La lutte des classes à venir

Il est difficile de prédire l'avenir et, finalement, de savoir si ces emplois conserveront le statut plus respectable qu'ils ont acquis pendant le confinement une fois la pandémie terminée, et si les applaudissements seront suivis d'une augmentation réelle des salaires. Mais la crise créée par la pandémie a clairement fait comprendre que de nombreux travailleurs des secteurs vitaux pourraient ne plus accepter de conditions dangereuses pour le même bas salaire. En Californie, les soignants d'une maison de retraite durement touchée sont restés à l'écart de leur travail. Dans le secteur du nettoyage, les employeurs ont dû faire face à des pénuries de personnel et à des taux d'absentéisme inhabituellement élevés. Les travailleurs ont commencé à craindre le virus plus que leurs employeurs. La plupart de ces manifestations concernaient la sécurité au travail. L'employé de l'entrepôt de Staten Island en Amazonie, Chris Smalls, a organisé un débrayage sur son lieu de travail en raison du manque d'équipements de protection individuelle suffisants. Les travailleurs américain d'Amazon ont obtenu la mise en place de congés payés, mais aussi les équipements de protection qu'ils réclamaient. 

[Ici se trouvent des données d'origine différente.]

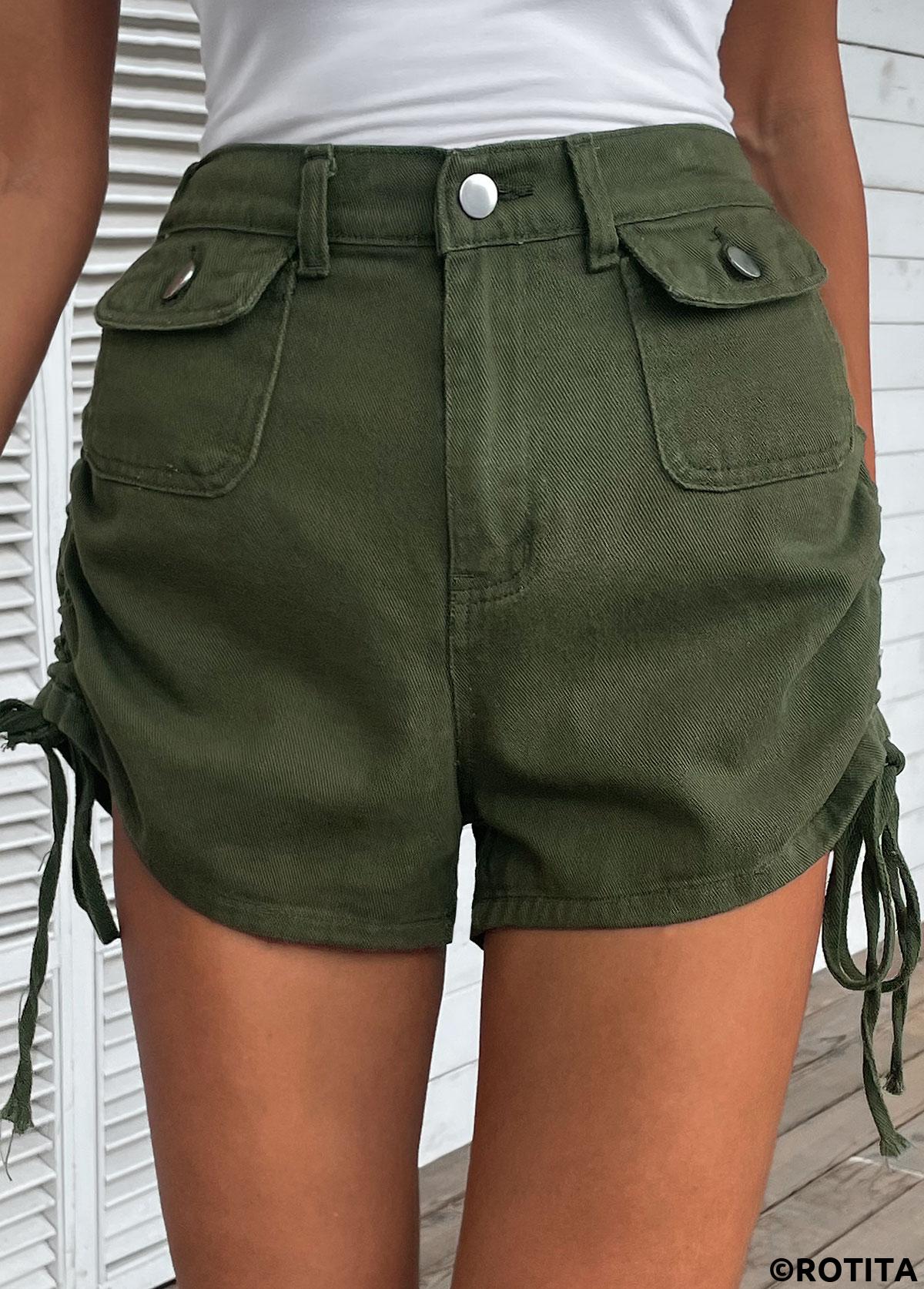 Olive Green bottoms,Plain Color bottoms,Pocket Olive Green Regular Button Fly Shorts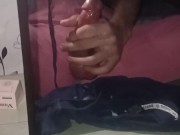 Stroking my horny cock through my slit pants—pinoy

Au cours des dernières semaines, les travailleurs de l'industrie, de la logistique et des supermarchés se sont tous engagés dans des grèves spontanées pour des problèmes de santé et de sécurité sur leur lieu de travail . Les grèves ont fait froncer les sourcils dans de nombreux coins de la presse grand public avec le New York Magazine, qui a même titré un article «Le coronavirus radicalise les travailleurs». Beaucoup de ces grèves spontanées se transforment en effet en une organisation syndicale stable; le syndicat Unite, au Royaume-Uni, par exemple, rapporte que plus de 16 000 travailleurs ont adhéré au syndicat depuis le début du confinement.

Les travailleurs des secteurs vitaux en particulier ont également commencé à réclamer les augmentations de salaires attendues depuis longtemps. Certaines entreprises ont tenté de devancer les demandes des travailleurs pour des salaires plus élevés en leur versant des «primes», comme dans le cas de la chaîne de supermarchés française Auchan. De même, Amazon paie les nouvelles recrues 2 $ de plus par heure, tandis que le gouvernement allemand a choisi une autre voie en adoptant une nouvelle loi sur le temps de travail, qui sera en vigueur jusqu'à la fin juillet, et stipule que les travailleurs des «services essentiels» peuvent travaillent jusqu'à douze heures par jour pour endiguer la pénurie de main-d'œuvre et la demande accrue de ces services.

Tout cela peut ouvrir de nouvelles lignes de fracture à un moment où le lien entre productivité et salaires est clairement rompu dans l'ensemble de nos économies. Pour cette raison, concentrer nos demandes sur des salaires plus élevés et des conditions améliorées pour les travailleurs «créateurs de vie» pourrait s'avérer stratégiquement clé pour le mouvement ouvrier et la gauche à l'échelle mondiale dans cette conjoncture. C'est le cas non seulement parce que les travailleurs des secteurs vitaux sont en première ligne en période de pandémie, mais surtout parce que leurs luttes mettent en lumière de la manière la plus claire possible la non-durabilité et la nature mortelle du capitalisme. Les secteurs vitaux pourraient ainsi devenir les nouveaux pôles de la main-d'œuvre organisée.

Alors que les travailleurs des secteurs vitaux se trouvent pris dans une contradiction insoluble avec la rationalité lucrative, leur travail peut parler d'une manière alternative de concevoir l'économie et la richesse, une approche qui accorde la priorité à la vie humaine et à la santé publique. 

Sara R. Farris et Mark Bergfeld
Traduction et édition L’AQ

Sara R Farris est maître de conférences en sociologie à la Goldsmiths University of London et membre du comité de rédaction du matérialisme historique et éditrice internationale de critique de livres pour la sociologie critique. Mark Bergfeld est le directeur des services immobiliers et UNICARE à UNI Global Union - Europa.